Publishers that assumed they closed on a great sale might find out otherwise if they had used advanced analytics to more accurately value their assets. In this industry byliner, Oath’s Asia-Pacific head of platforms Erin Chao discusses the merits of adopting advanced analytics tools and why standard data tools no longer are effective.
Few industries have been disrupted as much as publishing in recent years, with industry players having to fight tooth and nail to secure revenues in a highly crowded and increasingly competitive marketplace.
When it came to digital advertising, some thought programmatic would be the panacea; it would, so the argument went, radically simplify the buying process and advertisers would willingly snap up inventory in a wholly automated transaction.
Unfortunately, that was wishful thinking; and many publishers soon discovered this was not achievable or desirable – for themselves or their clients. Publishers realised the open market did not always appropriately value their advertising inventory and buyers wanted to know exactly what their brands would be appearing next to.

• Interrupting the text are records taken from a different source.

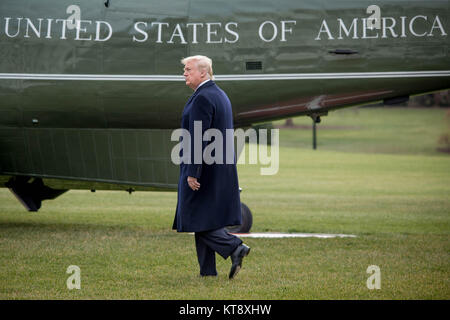 Washington, USA. Dec 22, 2017. Le président Donald Trump quitte la Maison Blanche pour Palm Beach, Floride, où il passera les vacances de Noël, le vendredi 22 décembre 2017. Crédit : Michael Candelori/Alamy Live News Banque D'Images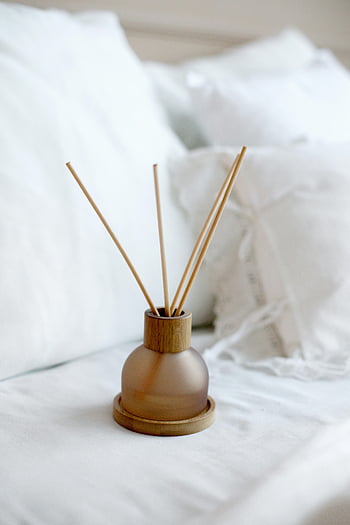 diffusore a lamella, bastoni di legno, lino bianco, atmosfera serena, Elegante diffusore, arredamento del letto, fragranza domestica, design minimalista, Accessori per la camera da letto, arredamento calmante, aroma naturale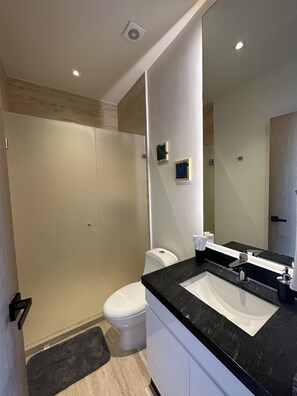 Monolocale panoramico | Bagno | Asciugacapelli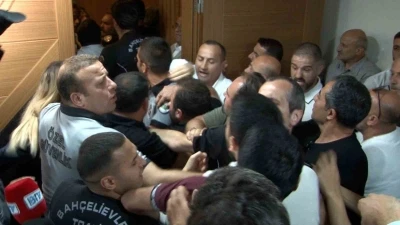 15 Temmuz&rsquo;a &rsquo;tiyatro&rsquo; diyen CHP&rsquo;li meclis &uuml;yelerine şehitleri ailelerinden sert tepki
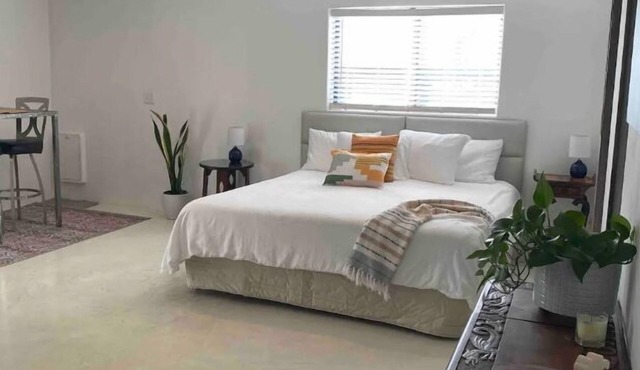 Casita in the Catalina Foothills near Sabino Canyon, The Loop, restaurants, food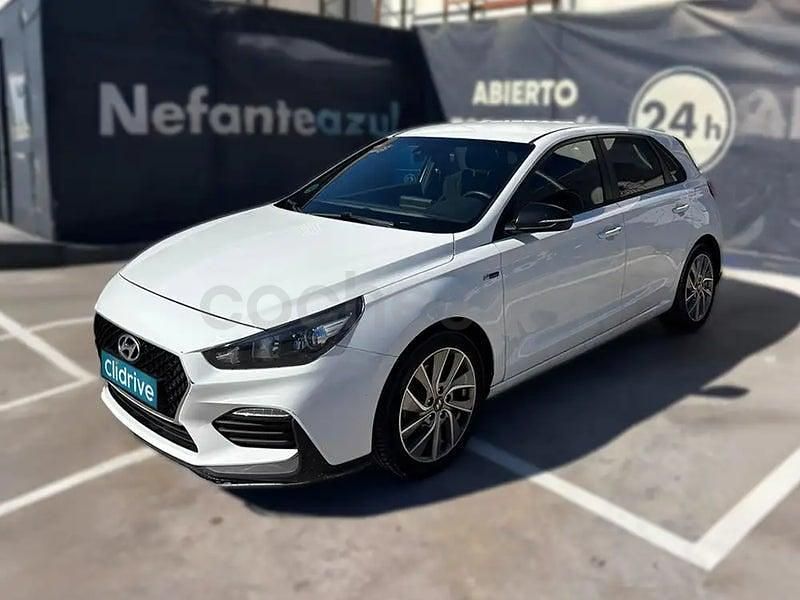 Usado Hyundai i30 N Line 120 CV (88 kW) 2019 Blanco Berlina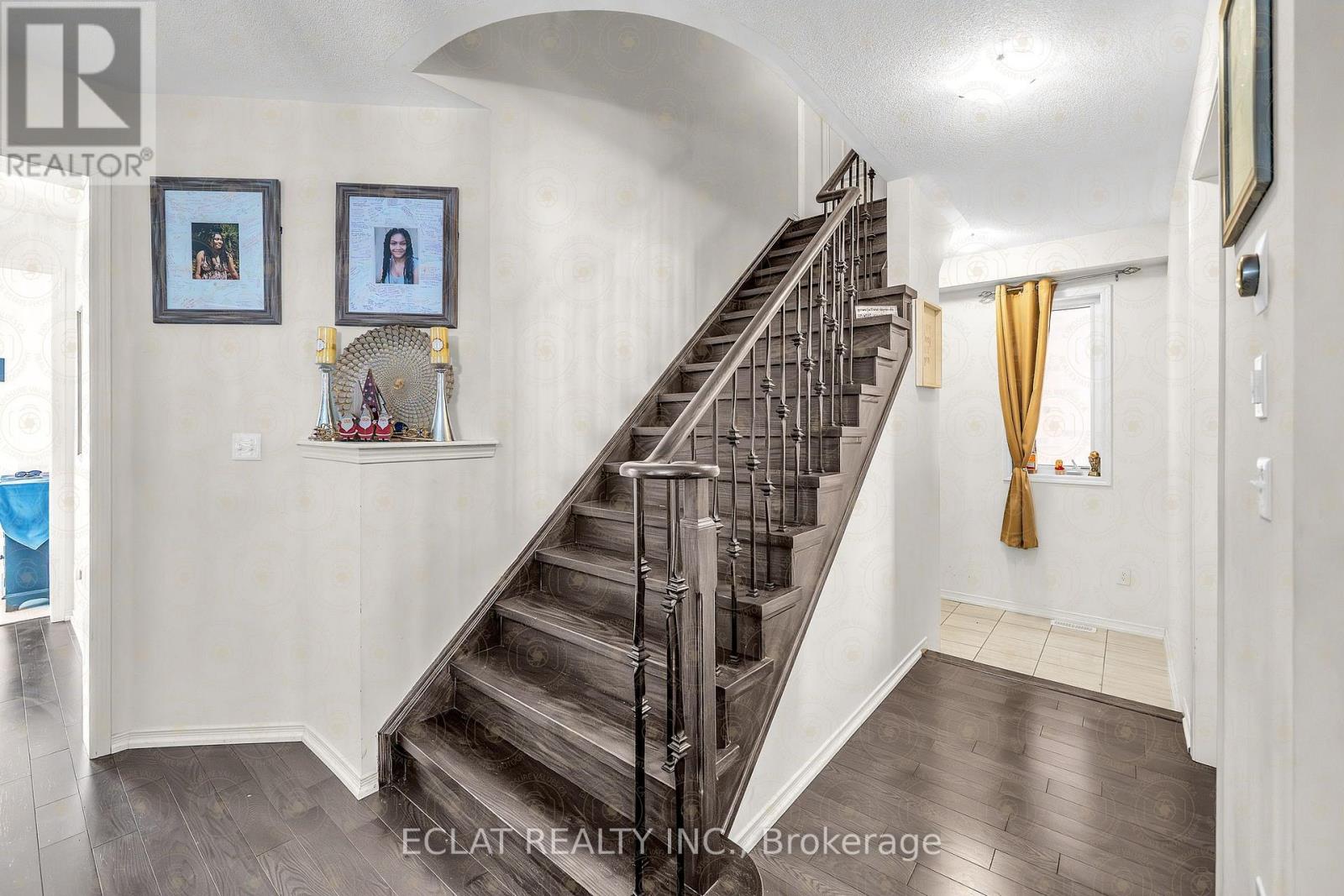 2553 CRAFTSMAN DRIVE, Oshawa (Windfields), Ontario, L1L0M4 — Photo 4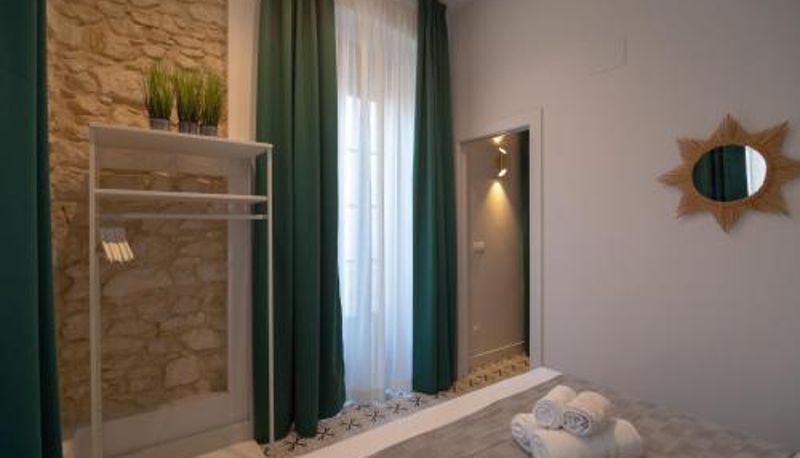 Apartment - Apartamentos Teatro by Be Alicante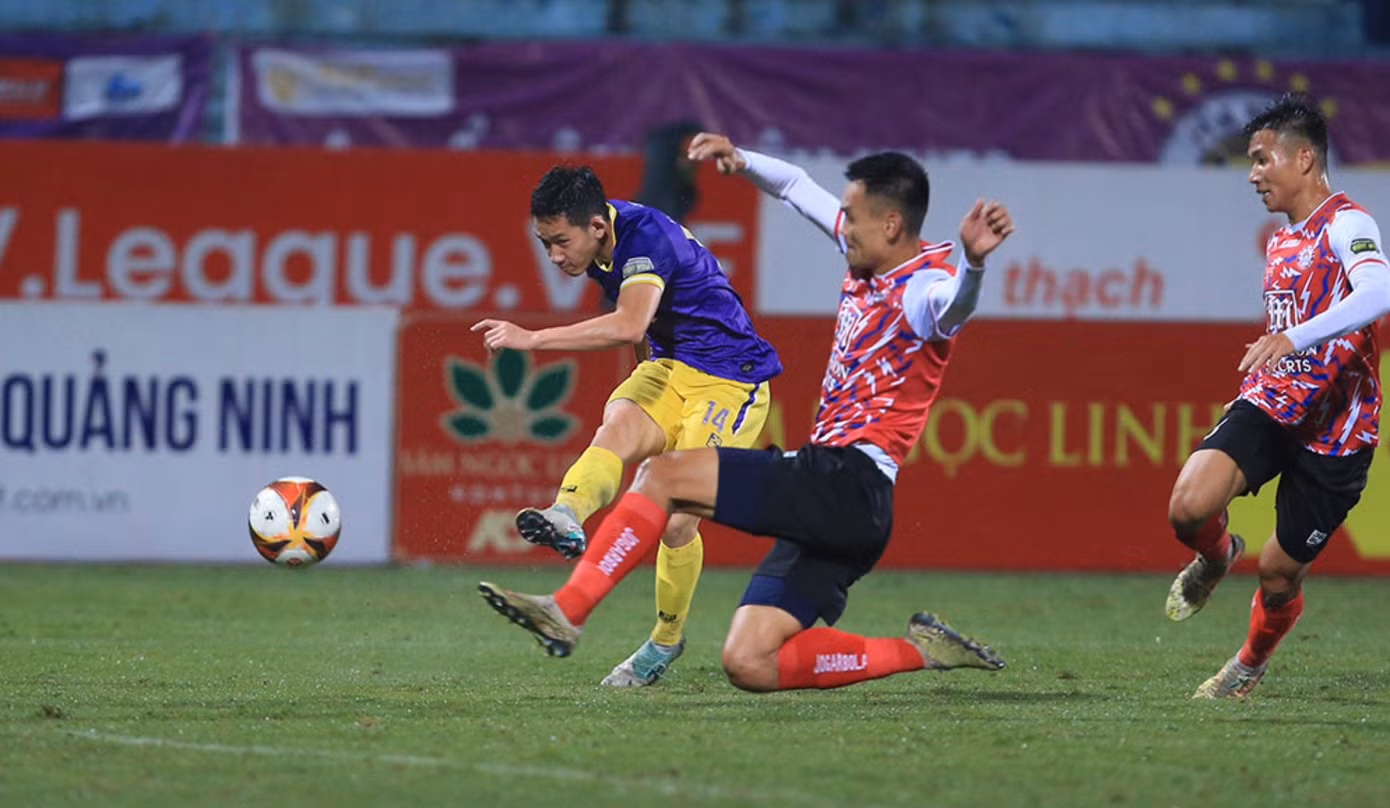 V-League đang bước vào giai đoạn gay cấn ở cả hai đầu bảng xếp hạng (ảnh Anh Tú)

In fact, managing programmatic plays for both parties can now be more time-consuming than direct campaigns.
Today, we have a situation where publishers are working with a huge array of advertisers and demand partners, navigating their way through an ecosystem of transactions including direct sales and public auctions.
In this environment, standard data and analytics tools that worked reasonably well a few years ago are no longer fit for purpose. For instance, other than the opt-in subscription email notices many have been receiving, Asia consumers appear not to catch on to what GDPR means yet, but the business implication is that first-party data will be increasingly hard to obtain. This means reliance on third-party data will grow and good third-party audience data is entirely built on analytics.
Only by embracing advanced analytics solutions can publishers stay ahead of the game to better manage demand, supply, and yield, in order to most effectively boost their revenue.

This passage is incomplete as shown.